This post contains affiliate links. Think for a minute about the worst thing that’s ever happened to you. Think of all the “what ifs” that crowd your mind. Now, imagine if you had the ability to go back in time and make changes. What would you do? Would you go? How much of your life would you sacrifice to make the changes? How would the change you make in the past affect the future? These are the implied questions Stephen King asks in his novel, 11/22/63.
This book is a whopper at 840 pages. I started it last summer but only got 140 pages into it before I had to give it up because we were getting ready to move to Arizona, and I got too busy.
When I started it again, I found myself annoyed that I couldn’t spend more time during the day reading it. If only I didn’t have teaching, mothering and working obligations! (Just kidding!)
As it was, the book is so long that I am a week overdue to return it, and I’ll have to pay a fine, but it was worth it to finally get through this book.
About 11/22/63 by Stephen King
Jake Epping is living in Maine in 2011. He’s a divorced, lonely high school teacher. School has just ended for summer break when the local diner owner, Al Templeton, summons Jake. Al is just a few days away from dying of cancer, and he has a task for Jake. A monumental task.

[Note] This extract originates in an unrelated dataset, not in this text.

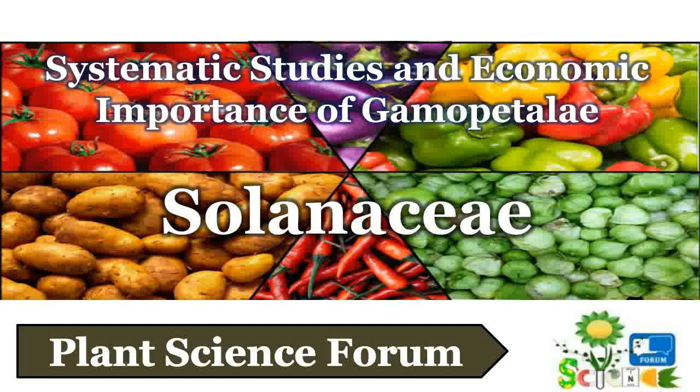Hello Friends, welcome to the Plant Science Forum. In this series of talks about the systematic studies and economic importance of some angiospermic plant families, today's topic of discussion is Family Solanaceae from Gamopetalae.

Al explains that there is a rabbit hole of sorts in the back storage room of his restaurant. Al himself has gone down the rabbit hole many times. Each time, he finds himself back in time, September 9, 1958.
At first, Al used the rabbit hole to buy his meat at 1958 prices. That’s how he can offer his burgers for such a steal, not by using meat from stray animals, as the town residents suspect. Initially, Al only stayed briefly, but then, he realizes if he stayed longer—five years longer—he could change the world by stopping Lee Harvey Oswald from assassinating President Kennedy.
However, Al doesn’t get to complete this mission because he develops lung cancer and must come back to the present.
He recruits a reluctant Jake to travel back in time and do what Al didn’t have time to do—kill Oswald before he can kill Kennedy.
Jake spends five years in the past to complete the mission, but his life changes in ways he’s unprepared for.
My Thoughts on the Book
King’s book is intriguing. How does one change, be it small or major like preventing the Kennedy assassination, change the world? Is our world one fragile house of cards where the slightest change can bring things crashing down? Even if we somehow had the power to change the past, should we?
Don’t let the length of this book deter you. It’s well worth the time investment for an excellent read that will leave you wondering long after you finish.
The only negative I have about this book is I got bogged down a bit in the middle when King focused heavily on Oswald’s life, communism, and the politics behind his life and motives. However, that was only briefly in an otherwise excellent book.
I give 11/22/63 by Stephen King 5 out of 5 stars on the Mom’s Plans’ scale.

Great book! Seems daunting at first, but it was a fairly quick read. Loved it too!
Since his ‘retirement’ and subsequent change of heart, his books have been pretty hit or miss, but this was one that I really enjoyed and would definitely like to read again once I’ve forgotten enough of the details.